In caso di decesso del professionista, la sospensione è inoltre prevista per sei mesi.
La norma non vale solo per i professionisti ordinistici ma viene estesa anche a i titolari individuali di lavoro autonomo o di impresa oppure (se il soggetto colpito risulta essere l’unico amministratore) ai soci di società di persone o di S.r.l.
Questa parte della norma scaturirebbe anche da una buona intenzione – ed in tal senso potrebbe essere affinata – ma ancora una volta sembra destinata per lo più a professionisti che si occupino di meri adempimenti (idem per quanto riguarda le imprese).
Per dirla tutta, una norma che permetta di dilazionare aspetti di natura dichiarativa e verso la sola P.A. mal si attaglia alla professione del consulente del lavoro, il quale, proprio in forza della specificità del proprio operato, potrà anche beneficiare del rinvio di adempimenti in scadenza ma ha compiti (uno su tutti, ma non è certo il solo: gli stipendi ogni mese) che difficilmente possono esser dilazionati e che sono conseguenti non tanto al rapporto con lo Stato ma al destinatario più debole del rapporto di lavoro: il lavoratore (eh sì, ancora una volta ci si occupa di persone, non di adempimenti formali).
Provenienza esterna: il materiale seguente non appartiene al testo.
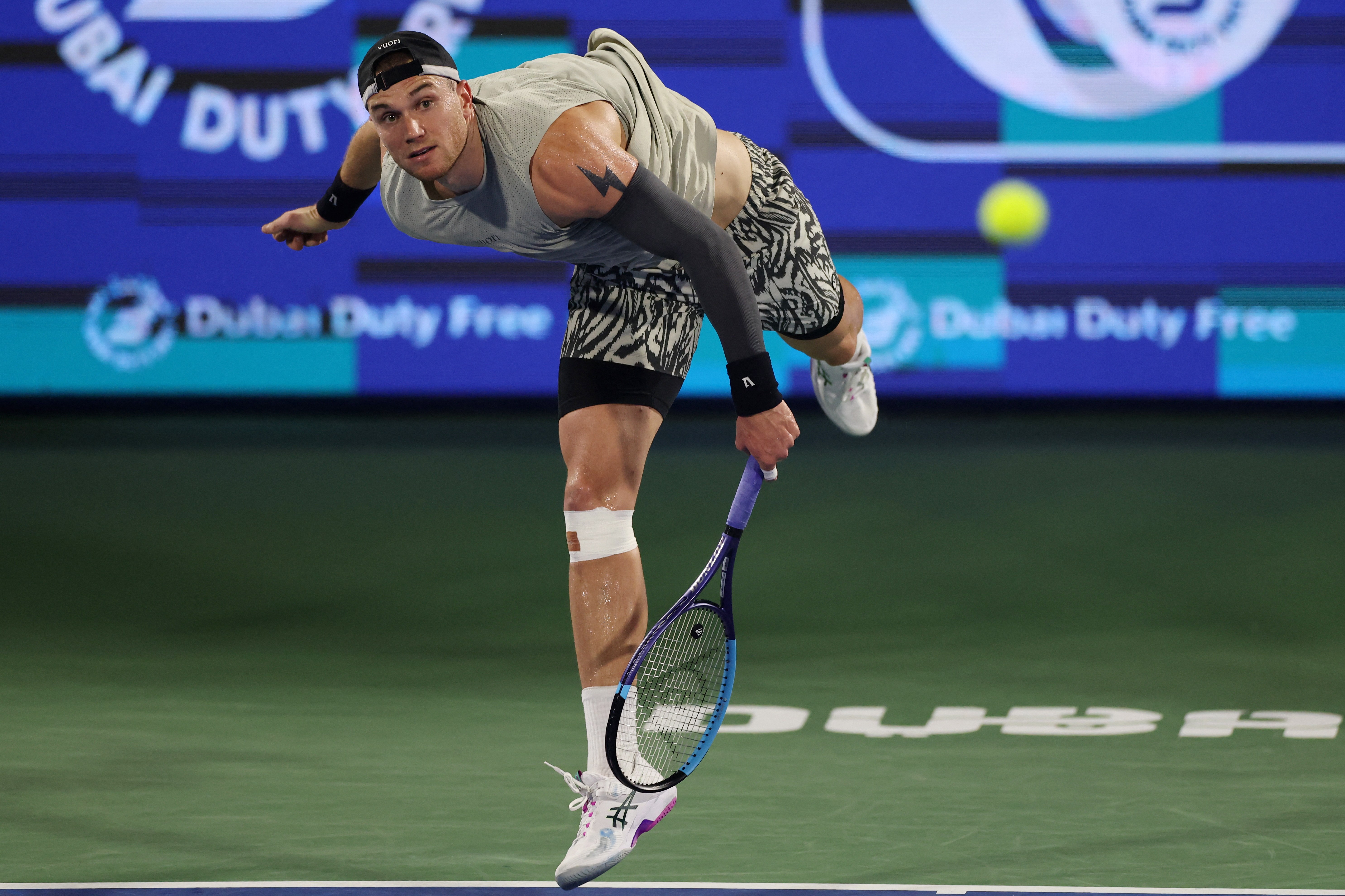 Britain's Jack Draper serves during his match against France's Quentin Halys at the Dubai Tennis Championships.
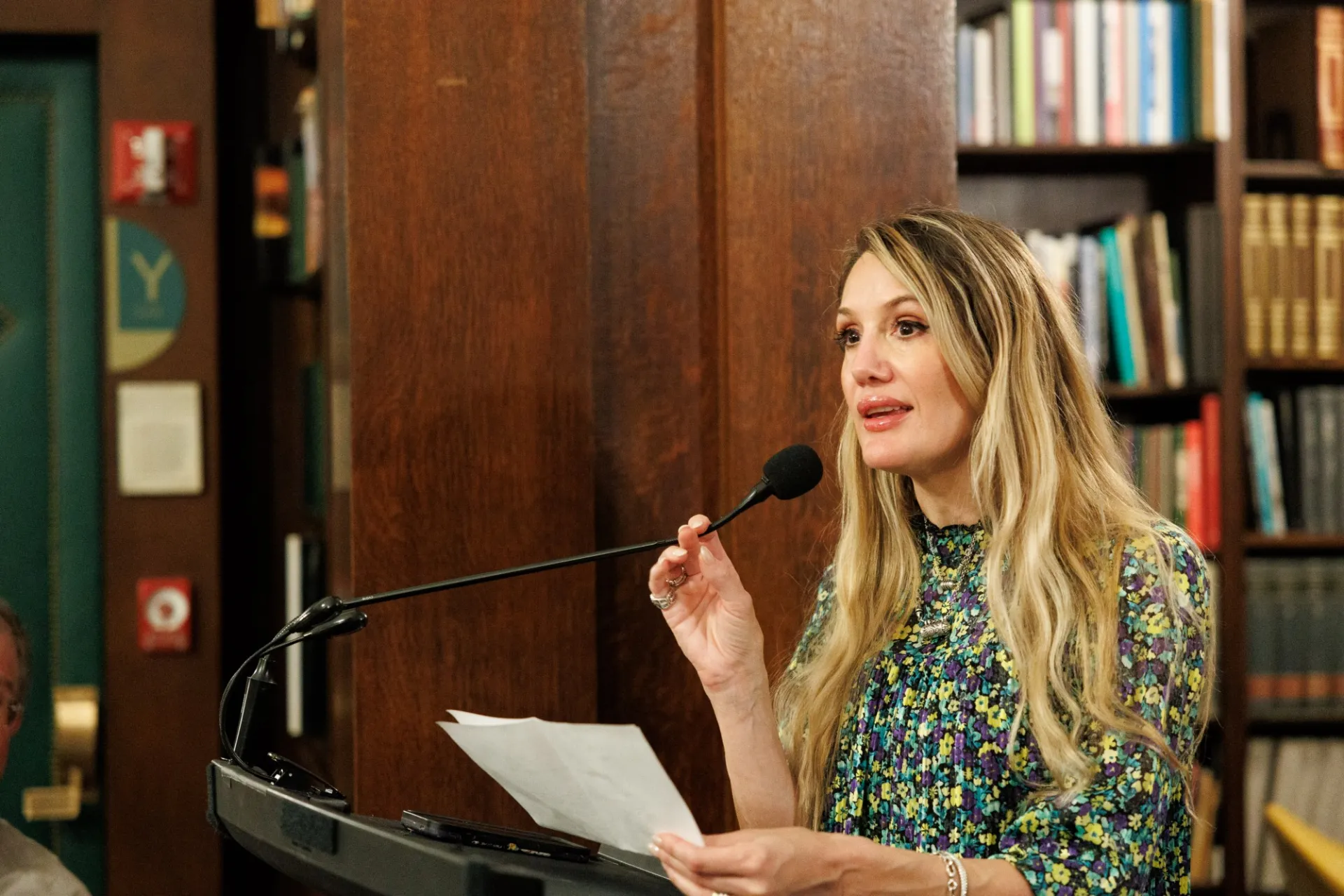 Woman with long hair at lectern speaking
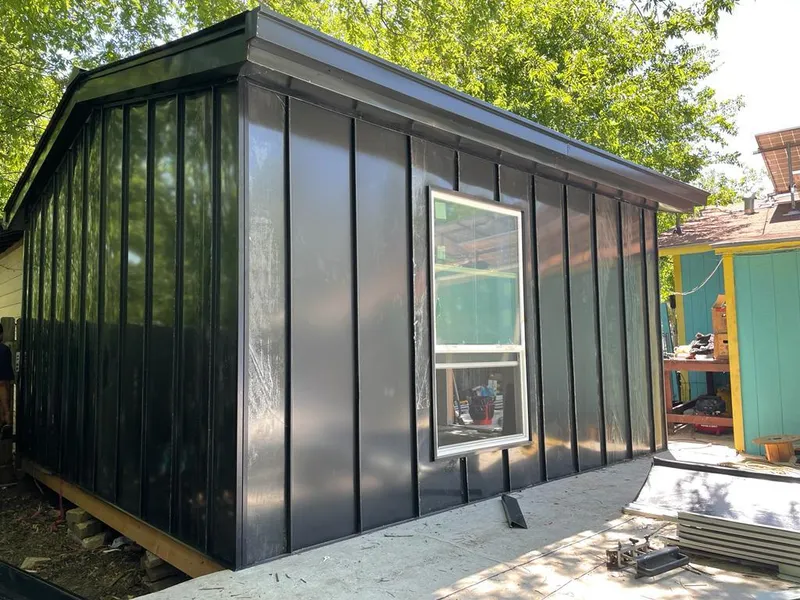 Black standing seam metal wall panels for Metal Roof Installation in Lawrence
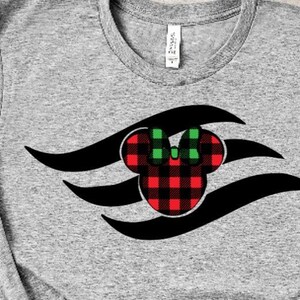 May include: A grey t-shirt featuring a black and red Mickey Mouse head design. The Mickey Mouse head is wearing a green bow and has a red and black buffalo plaid pattern.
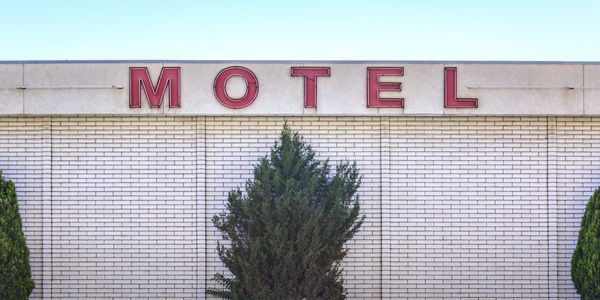 Low angle view of text on building against sky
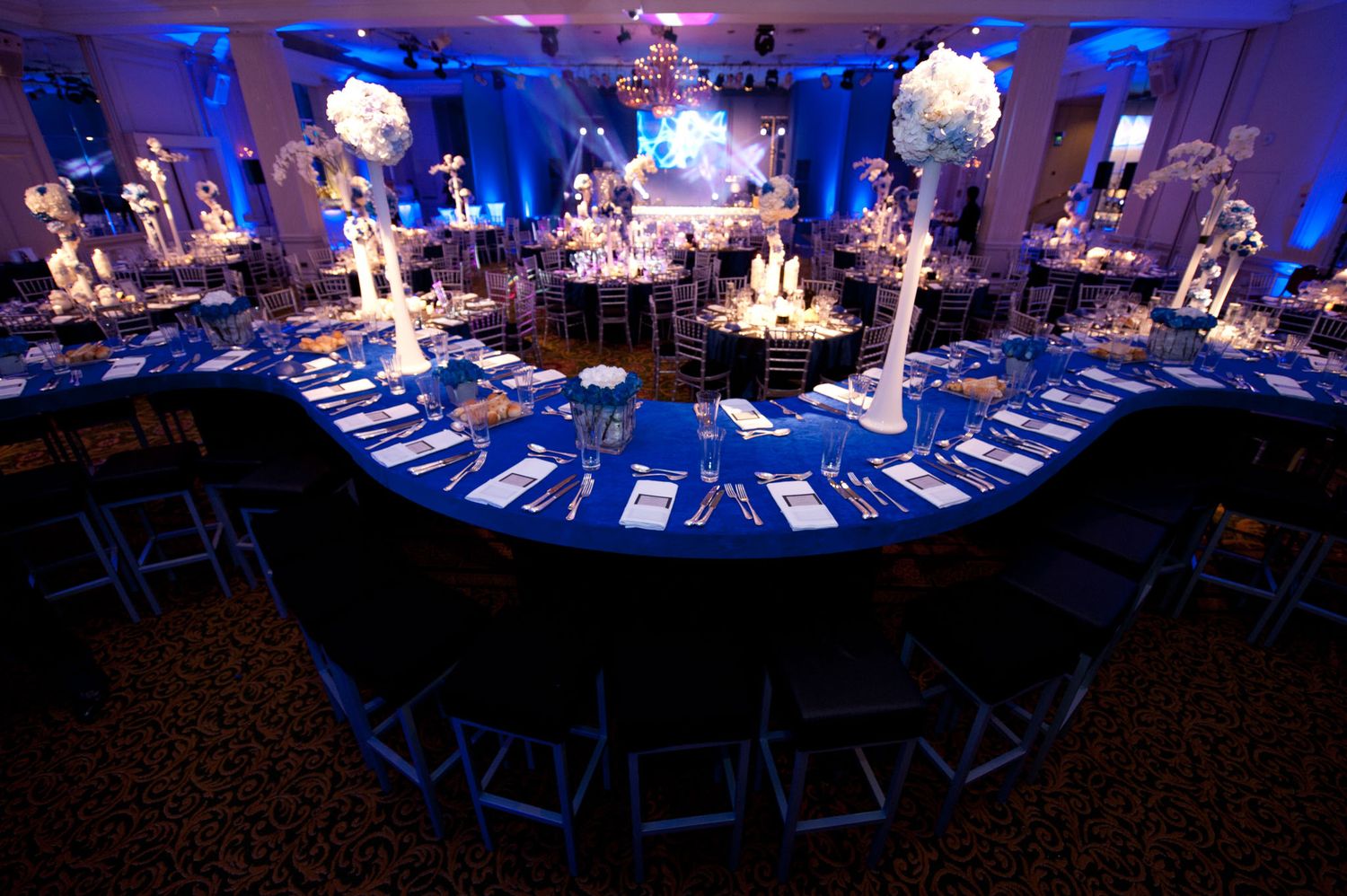 Elegant wedding reception venue decorated with dramatic blue uplighting and white table settings creates a magical atmosphere.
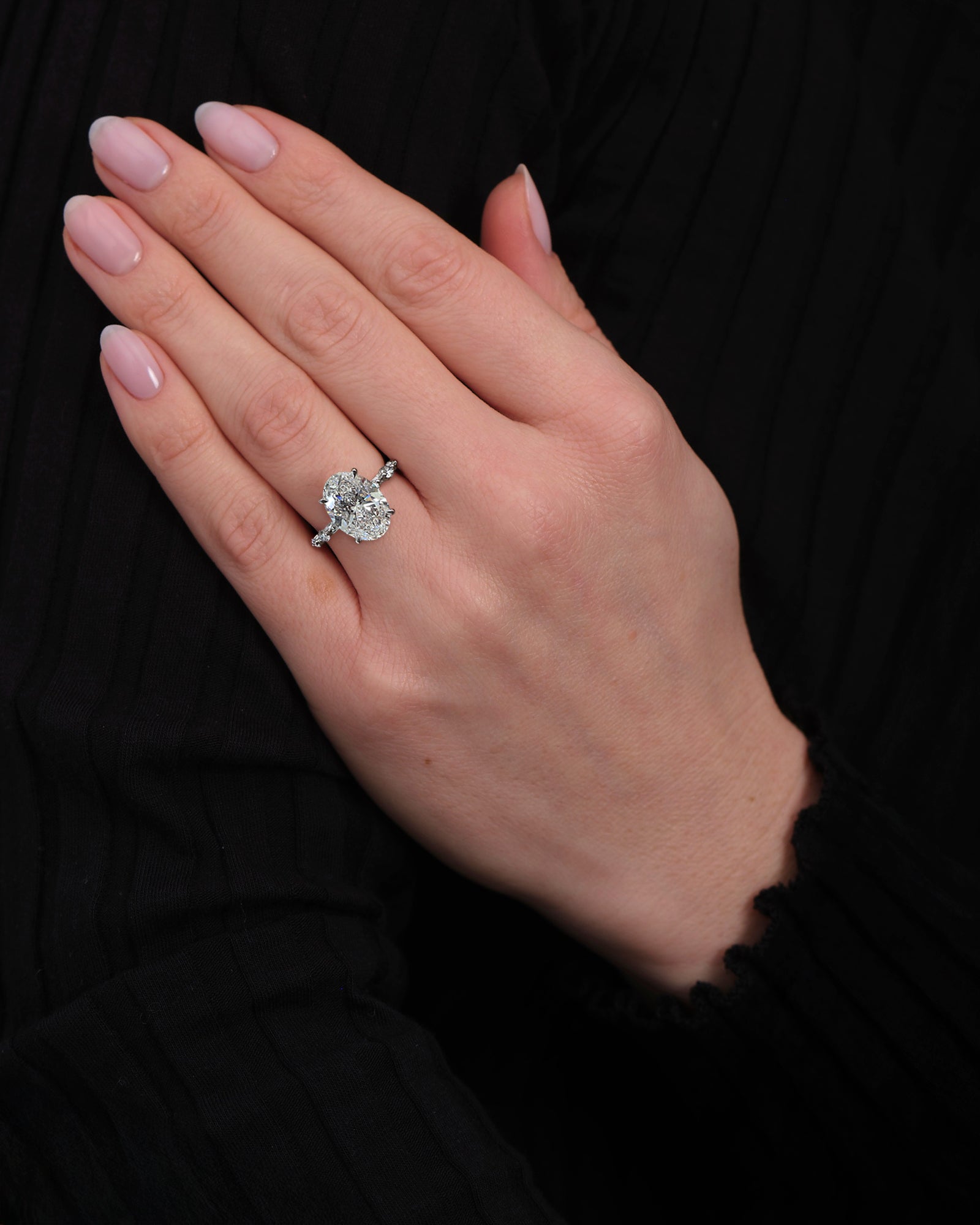 4ct oval lab grown diamond hidden halo engagement ring with floating cathedral setting and spaced diamond band in platinum on hand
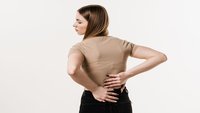 Orthopädiezentrum Wien - Beckenschiefstand und Beinlängendifferenz bei einer Person, die ihren unteren Rücken hält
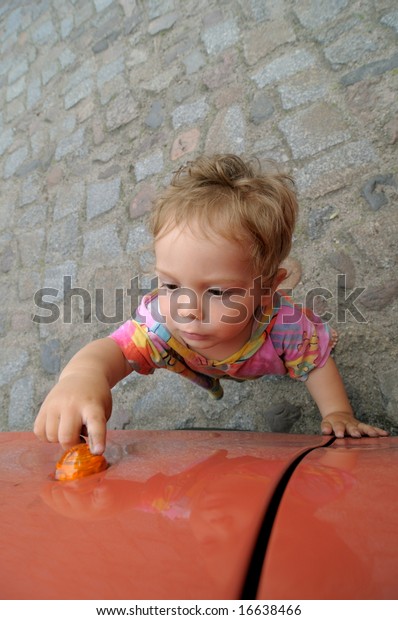 little\
boy is touching the direction indicator of a\
car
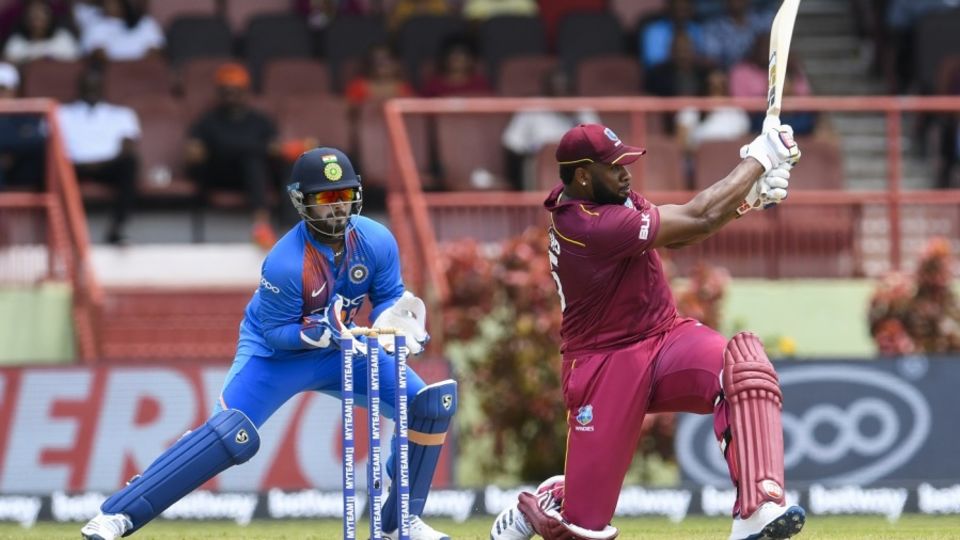 Kieron Pollard muscles a slog-sweep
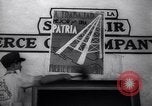 Image of Government's Oil Posters pasted on other companies oil posters Mexico, 1938, second 34 stock footage video 65675028791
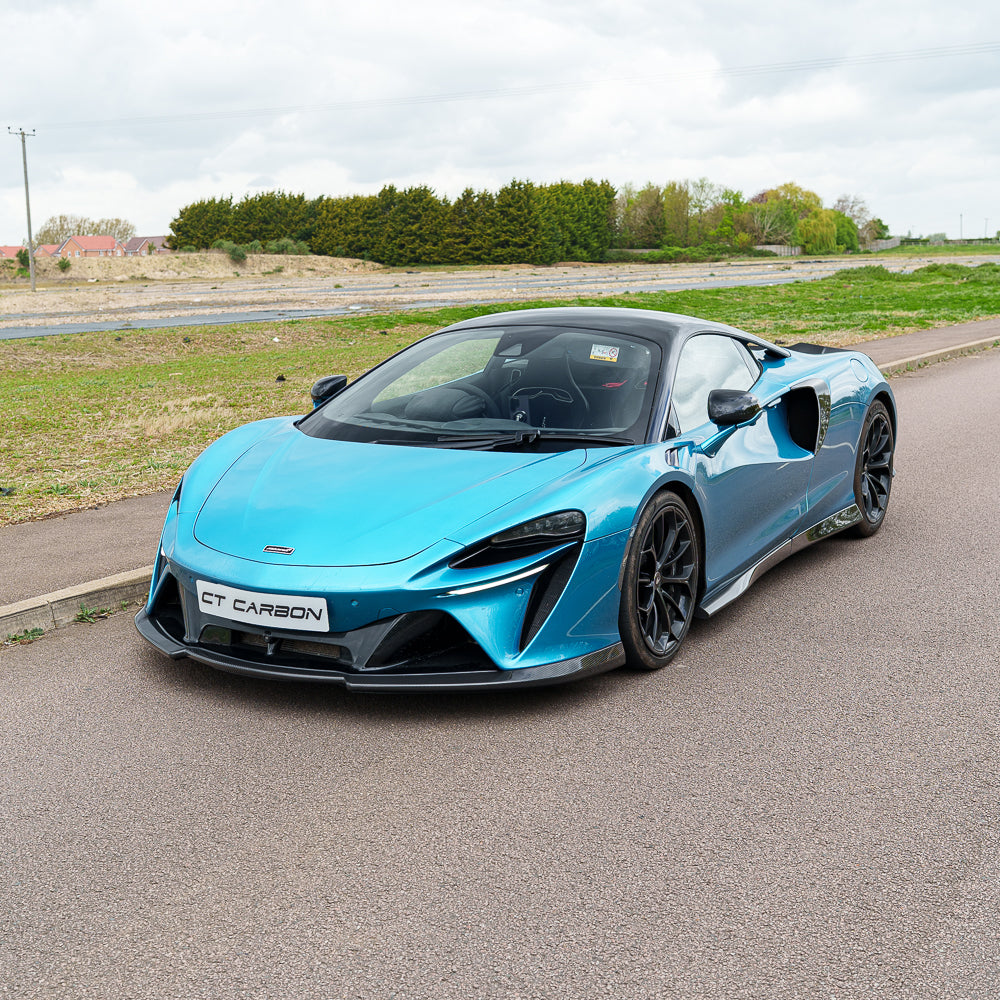 Full car view of a McLaren Artura with CT Carbon V1 full carbon fibre kit, showcasing sleek carbon fibre details on the vehicle.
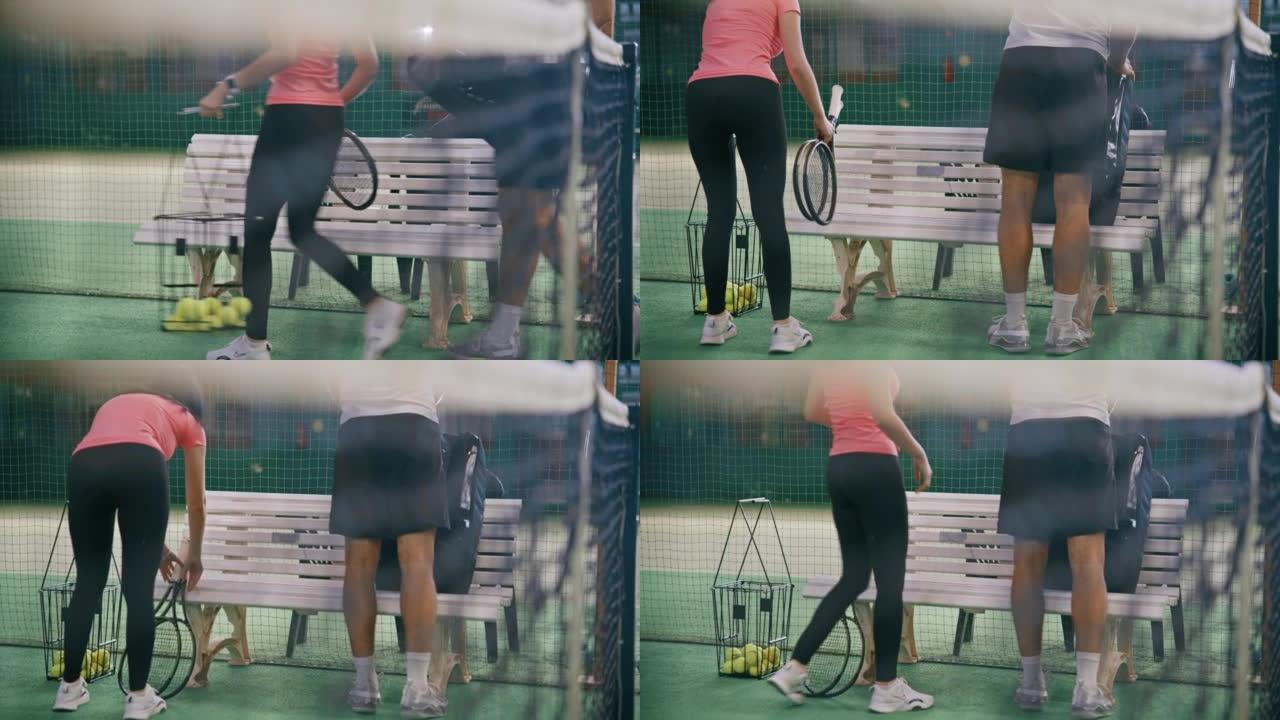 年轻的男教练和妇女将网球设备放在室内网球场上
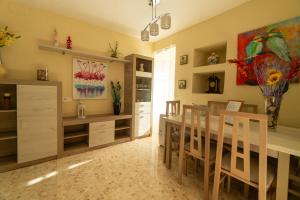 a dining room with a table and chairs at Casa rural El Tejar de Algar / 1262 in Algar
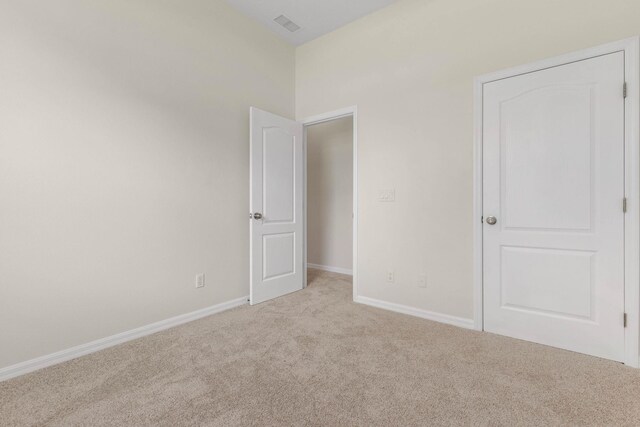 19 Ehrling Ln, Palm Coast, FL 32164 - unfurnished bedroom featuring carpet and baseboards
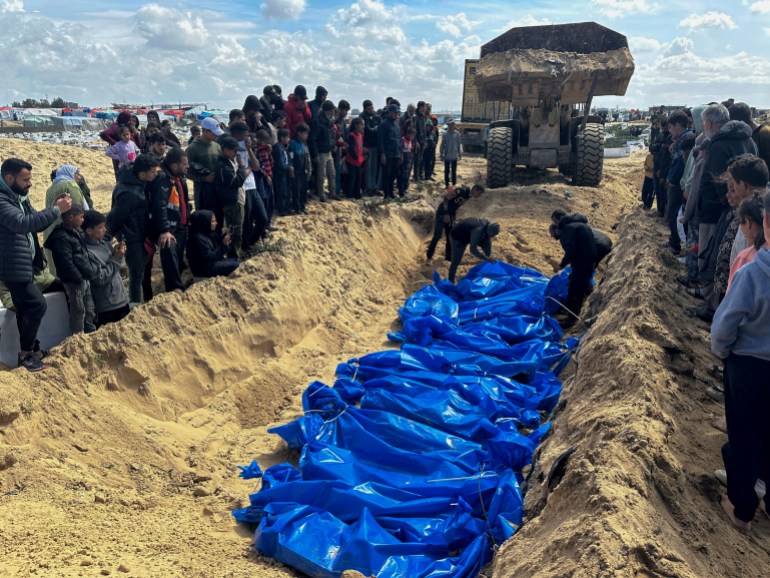 People bury the bodies of Palestinians killed in Israeli strikes and fire, after their bodies were released by Israel, amid the ongoing conflict between Israel and the Palestinian Islamist group Hamas, at a mass grave in Rafah, in the southern Gaza Strip, March 7, 2024. REUTERS/Mohammed Salem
Non a caso proprio l’Ordine dei Consulenti del lavoro sta pensando di creare (e non è cosa facile) una rete di assistenza ai colleghi in difficoltà anche con casistiche più estese di quelle individuate dalla legge (iniziativa in fase di start-up con il nome di “ Progetto WEL.CO.M.E.”).
Insomma, l’impossibilità sopravvenuta di esercitare la propria professione, ordinistica o meno che sia, si trova a fare i conti non solo e non tanto con gli adempimenti, ma in prima battuta deve fronteggiare l’esclusione dal mercato per il fatto di non poter far fronte (per le emergenze personali sopravvenute) agli impegni e agli interventi di cui i clienti necessitano. E quindi solo una rete di solidarietà può risolvere il problema, poi il lavoratore autonomo può essere coadiuvato certamente anche da un “rilassamento” sul fronte delle scadenze.
Ci si consenta però un osservazione: da anni il nostro Centro Studi milanese ha proposto e riproposto (proposta poi ripresa a livello nazionale) la sospensione di alcuni adempimenti – in particolare, cartelle pazze e verbali complessi – in scadenza durante il periodo feriale, argomento ben più semplice ed immediato di quello affrontato dalla norma in commento ma che non ha avuto ad oggi alcun riscontro.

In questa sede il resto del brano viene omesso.